We also welcome the suggestion regarding the jobseeker's transitional payment and family income supplement being payable. We note that a question was asked of the Department which said there would be very little incentive for a lone parent to do more hours if it was a conjoined payment, but the conjoined payment that exists for children under seven works and it works okay, so we do not understand why it would work differently in the seven to 14 age group. If the JST and FIS were both paid, the FIS would be a way of lifting lone parents out of poverty. The rent supplement would also need to be addressed.

What does Ms Bayliss think the effect will be when the housing assistance payment, HAP, is rolled out after Christmas because that will help with the anomaly between the rental allowance and the rent supplement and it is not a barrier to people going back into work?

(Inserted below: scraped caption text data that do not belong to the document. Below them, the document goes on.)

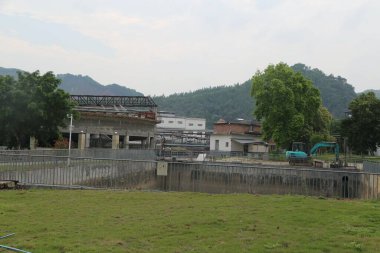 Büyük yeşil makineli bir inşaat alanı. Makine çukur kazıyor. İnşaat alanının etrafında çit var.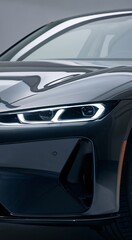 Fototapeta premium A silver sports car with a futuristic design is shown in profile.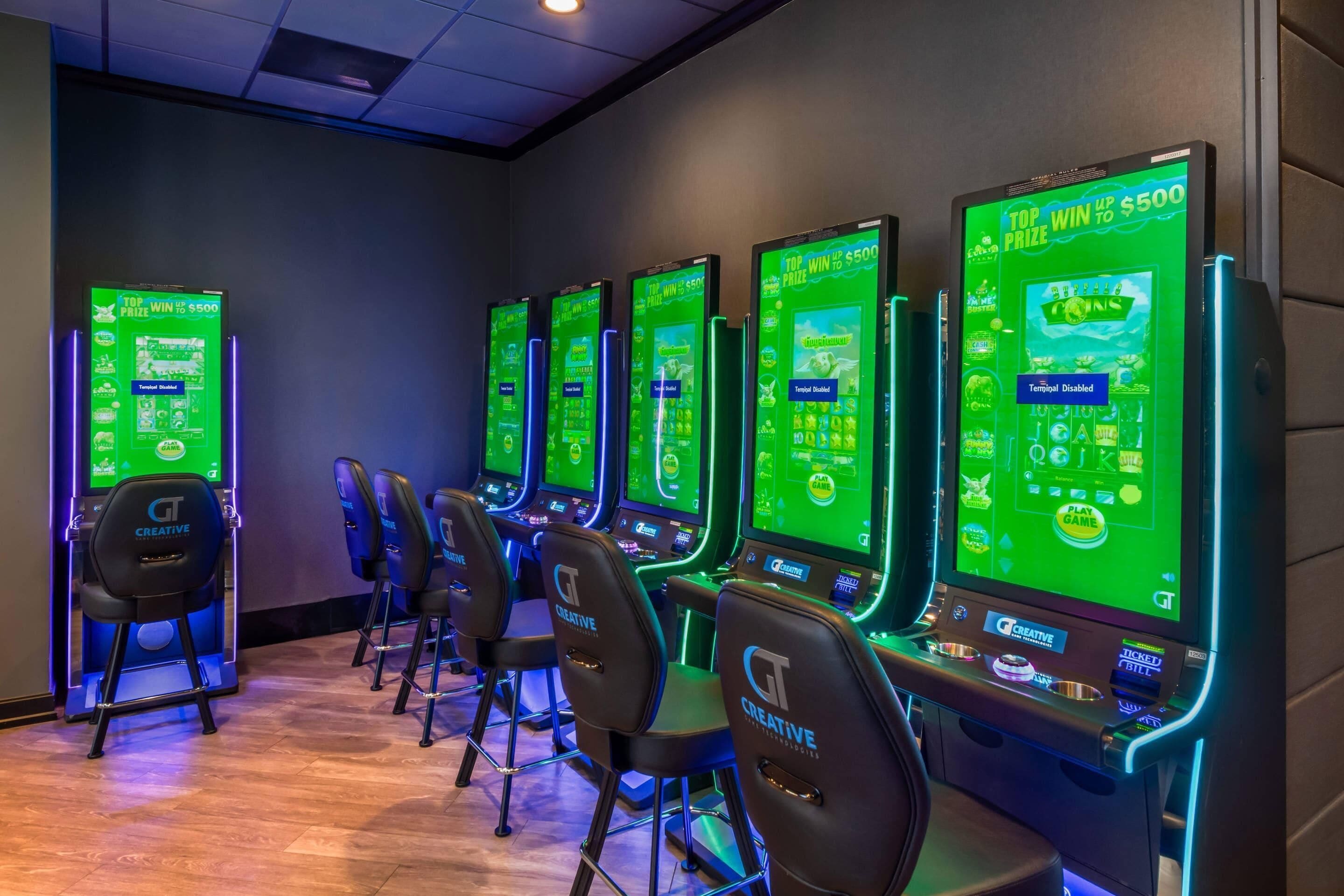 A row of gaming machines with a 'Top Win Up to $500' sign, chairs, and a 'Terminal Disabled' label.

Does Ms Bayliss expect that will benefit many lone parents?

Ms Louise Bayliss

We believe if HAP is rolled out successfully, it will definitely benefit people. The rent supplement is a failed system. We are not fully sure that HAP will sort out the housing issue but it will allow lone parents to take up employment and to access education, so in that sense there would be some benefit.

Ms Samantha Dunne

There is a discriminatory factor in the rental market affecting those in receipt of social welfare payments. That is a problem across the board for parents trying to access rental leases. There is a bit of a gap there between two-person families who are single professionals and people who are on social welfare who cannot access those leases. The change to HAP is welcome because it will allow a person more room and to have extra income at the end of the week, but it will not be successful without dealing with the discriminatory factor and it will not benefit lone parents at all, from what we can see from members.

Ms Louise Bayliss

There is the anti-discrimination law which means landlords cannot advertise that those on rent allowance will not be considered, but they are getting around it. I have been looking through daft.ie and what is happening is landlords are stating professional references must be submitted, which means there are ways around it.

These measures are being addressed and there is a new rental strategy. The closing date for submissions on it was on Monday. At least it is another measure to lift the barrier and to allow people to get back into the workplace in that it does not put a time limit on their hours. From that point of view, HAP is very beneficial for people who want to work more, if they can and if they have the child care available to them, as it provides additional assistance.

Do any other witnesses wish to add anything? No. I thank all the witnesses for attending today, and for their opening statements, which I said at the outset will be published, but more important, for their contributions throughout the meeting. If issues were raised that they would like the committee to be aware of, they should feel free to send correspondence to us. We will report on this issue but we have further work to do and it is timely that I can advise the witnesses in this regard.

The joint committee adjourned at 12.55 p.m. until 10 a.m. on Thursday, 17 November 2016.